▶ What the task asks:
Here are some records; copy every line that holds the word "style".

(Recorded data)
════════

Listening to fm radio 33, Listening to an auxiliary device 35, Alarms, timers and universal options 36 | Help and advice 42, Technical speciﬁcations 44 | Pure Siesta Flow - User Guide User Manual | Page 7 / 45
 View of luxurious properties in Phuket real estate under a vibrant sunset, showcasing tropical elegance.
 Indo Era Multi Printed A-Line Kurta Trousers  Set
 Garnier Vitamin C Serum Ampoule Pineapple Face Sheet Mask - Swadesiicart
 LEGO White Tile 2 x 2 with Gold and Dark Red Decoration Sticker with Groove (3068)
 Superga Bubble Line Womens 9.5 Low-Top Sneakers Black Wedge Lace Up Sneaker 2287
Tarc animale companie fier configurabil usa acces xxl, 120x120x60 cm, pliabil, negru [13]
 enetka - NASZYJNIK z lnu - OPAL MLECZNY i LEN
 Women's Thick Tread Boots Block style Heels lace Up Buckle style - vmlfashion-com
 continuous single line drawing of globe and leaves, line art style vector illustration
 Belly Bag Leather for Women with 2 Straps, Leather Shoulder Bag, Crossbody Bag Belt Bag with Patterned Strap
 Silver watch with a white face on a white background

════════

▶ Response:
 Women's Thick Tread Boots Block style Heels lace Up Buckle style - vmlfashion-com
 continuous single line drawing of globe and leaves, line art style vector illustration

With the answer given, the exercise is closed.